05/16/2024 / By Zoey Sky
The current global price of gold has reached its highest levels. At the same time, Chinese investors and consumers remain cautious about real estate and stocks as they stockpile gold at a record pace.
Gold is considered by many as a safe investment during times of geopolitical and economic unrest. Recently, gold prices have skyrocketed in response to the conflicts in Ukraine and Israel and Palestine. However, gold’s steady climb to highs above $2,400 per ounce has proved more resilient and lasted longer thanks to one country: China.
Many Chinese consumers have favored gold as their trust in traditional investments like real estate or stocks has wavered. Additionally, China’s central bank has continued to add to its gold reserves, at the same time slowly reducing its holdings of American debt.
Chinese speculators are also betting that there is still room for appreciation.
As the price of gold surged this year to its highest ever, Xena Lin made monthly purchases of gold “beans,” the term for small morsels of the precious metal. These small pieces of gold are tiny enough to rest on a fingertip and weigh an estimated one-thirtieth of an ounce.
Lin, a 25-year-old administrative worker in southern China, thinks the $80 gold beans are an affordable way to buy into the gold excitement without spending too much on coins, jewelry or gold bars.
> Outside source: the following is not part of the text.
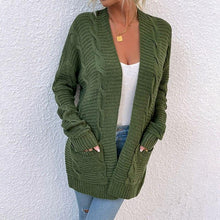 Afbeelding in Gallery-weergave laden, "Milena" Klassische Strickjacke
She had previously tried investing in stocks, but she shared that buying gold, especially in such an enjoyable way, inspired her to continue investing. (Related: Gold, silver and bitcoin SOAR as U.S. empire nears final currency COLLAPSE.)
China has continued to hold considerable influence in gold markets. China’s influence has become even more prominent amid this latest bull run, with data suggesting an estimated 50 percent increase in the global price of gold since late 2022.
It continued to reach new heights despite factors that traditionally make gold a comparatively less appealing investment, such as higher interest rates and a strong United States dollar.
In April, gold prices soared higher after the Federal Reserve signaled that it would keep higher interest rates longer. The precious metal has continued to appreciate even as the dollar has risen against almost every major currency in the world by 2024.
While prices have pulled back to at least $2,300 per ounce, there is a growing sentiment that the gold market is no longer controlled by economic factors but by the actions of Chinese buyers and investors.
Ross Norman, chief executive of Metals Daily, a precious-metals information platform in London, explained that it is clear that China is “driving the price of gold.” He added that the flow of gold to the country “has gone from solid to an absolute torrent.”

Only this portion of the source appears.